SUPPLIED RECORDS
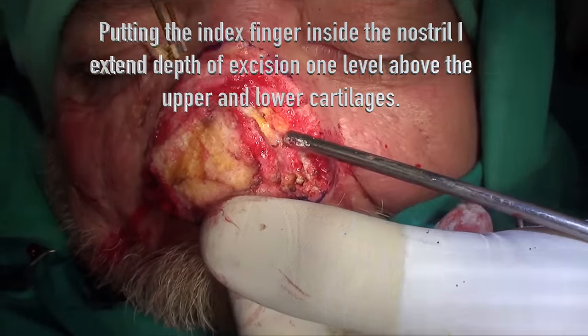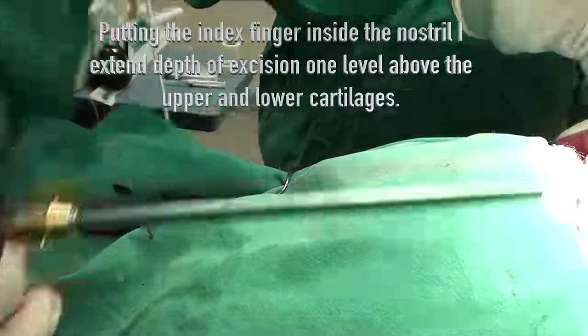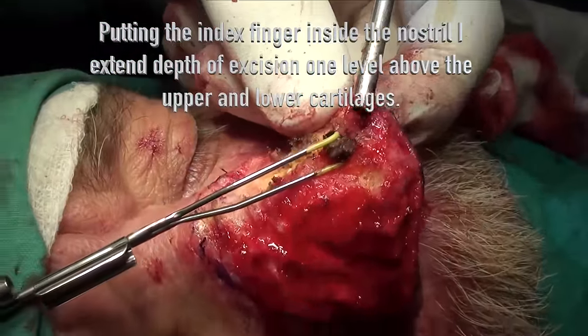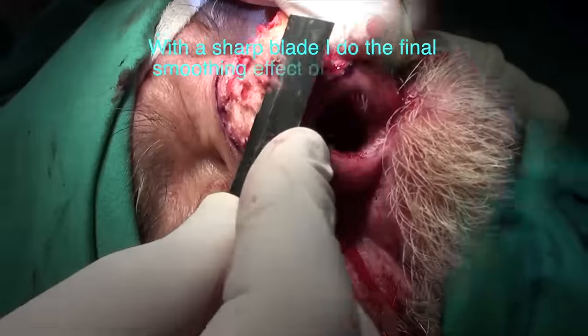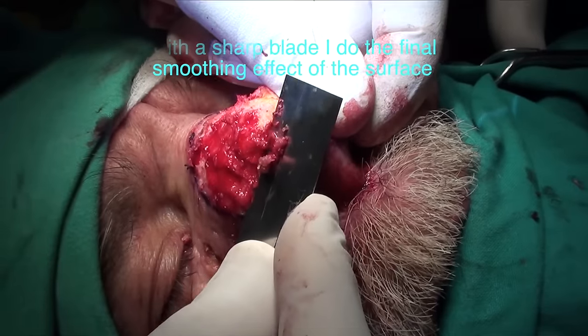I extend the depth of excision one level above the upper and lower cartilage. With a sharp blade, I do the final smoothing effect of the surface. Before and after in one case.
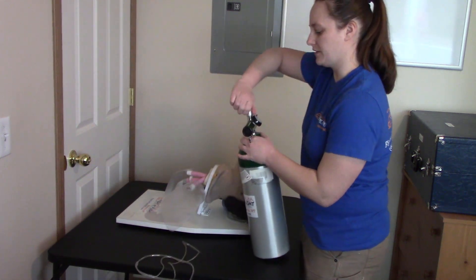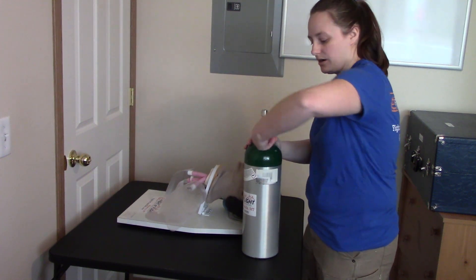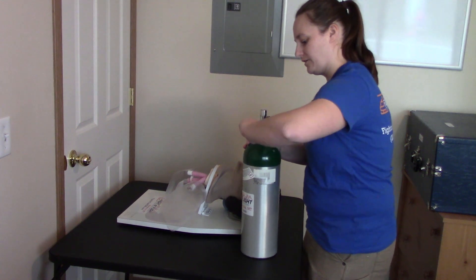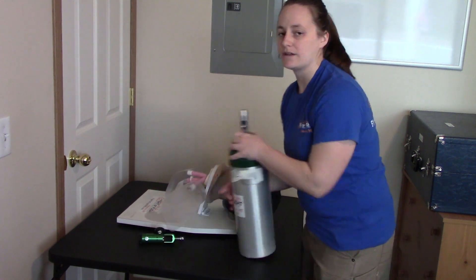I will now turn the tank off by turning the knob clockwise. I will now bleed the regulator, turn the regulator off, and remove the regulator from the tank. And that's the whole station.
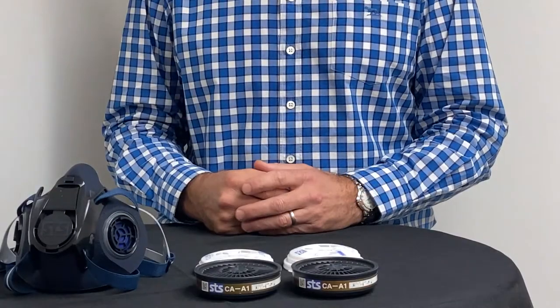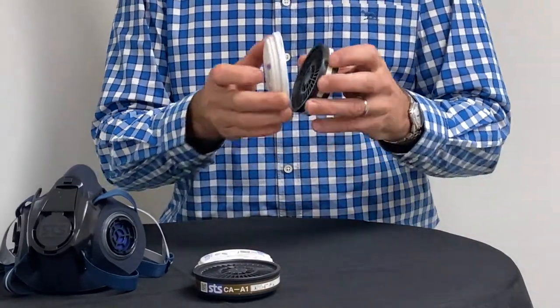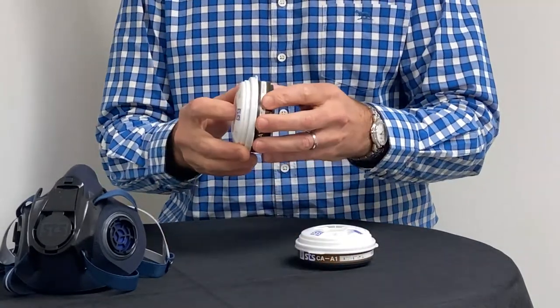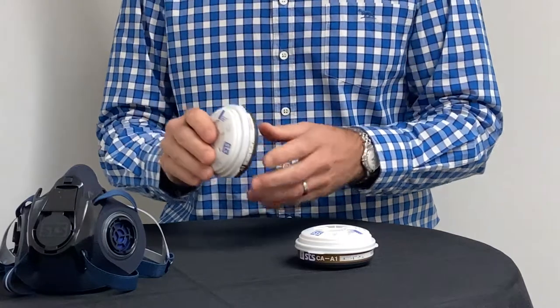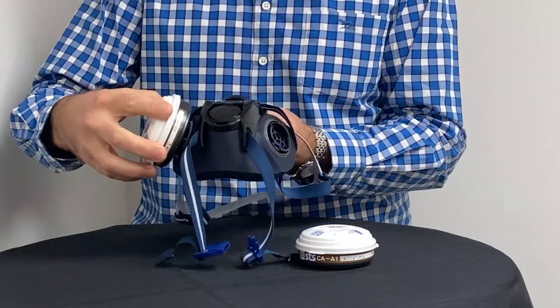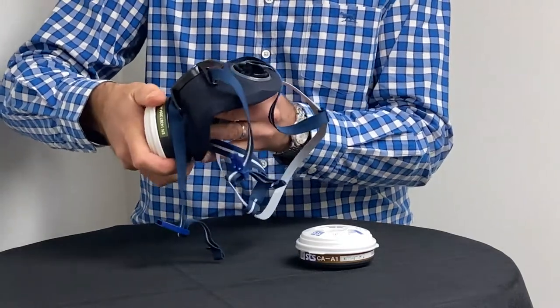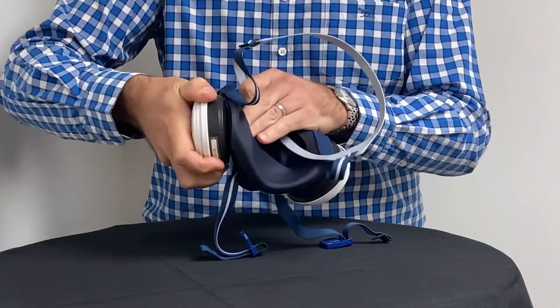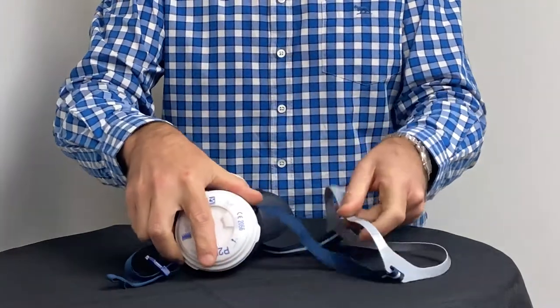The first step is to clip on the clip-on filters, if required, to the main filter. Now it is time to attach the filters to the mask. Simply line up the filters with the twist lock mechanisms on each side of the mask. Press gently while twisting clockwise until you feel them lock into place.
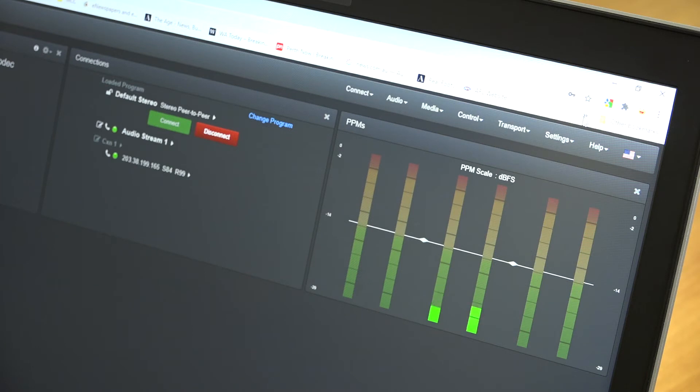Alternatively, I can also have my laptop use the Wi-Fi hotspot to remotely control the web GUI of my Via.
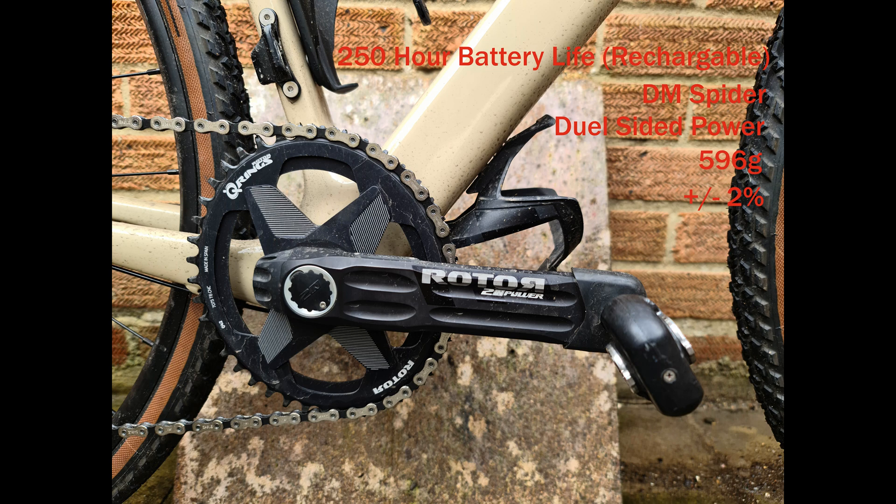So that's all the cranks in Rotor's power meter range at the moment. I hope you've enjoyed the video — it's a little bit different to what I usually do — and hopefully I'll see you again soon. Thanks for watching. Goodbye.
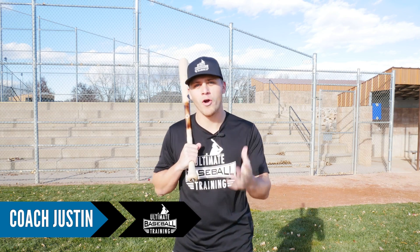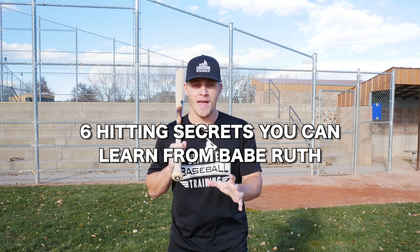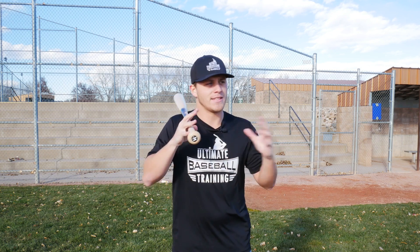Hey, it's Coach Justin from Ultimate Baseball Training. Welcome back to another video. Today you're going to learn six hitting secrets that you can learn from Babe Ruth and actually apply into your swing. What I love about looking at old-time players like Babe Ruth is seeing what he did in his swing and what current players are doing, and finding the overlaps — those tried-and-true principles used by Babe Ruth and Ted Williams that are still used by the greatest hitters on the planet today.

EXERCISE PROMPT
Transcribe the whole listing above exactly and leave out the pictures.

PROBLEM SOLUTION
I extend the depth of excision one level above the upper and lower cartilage. With a sharp blade, I do the final smoothing effect of the surface. Before and after in one case.
I will now turn the tank off by turning the knob clockwise. I will now bleed the regulator, turn the regulator off, and remove the regulator from the tank. And that's the whole station.
The first step is to clip on the clip-on filters, if required, to the main filter. Now it is time to attach the filters to the mask. Simply line up the filters with the twist lock mechanisms on each side of the mask. Press gently while twisting clockwise until you feel them lock into place.
Alternatively, I can also have my laptop use the Wi-Fi hotspot to remotely control the web GUI of my Via.
So that's all the cranks in Rotor's power meter range at the moment. I hope you've enjoyed the video — it's a little bit different to what I usually do — and hopefully I'll see you again soon. Thanks for watching. Goodbye.
Hey, it's Coach Justin from Ultimate Baseball Training. Welcome back to another video. Today you're going to learn six hitting secrets that you can learn from Babe Ruth and actually apply into your swing. What I love about looking at old-time players like Babe Ruth is seeing what he did in his swing and what current players are doing, and finding the overlaps — those tried-and-true principles used by Babe Ruth and Ted Williams that are still used by the greatest hitters on the planet today.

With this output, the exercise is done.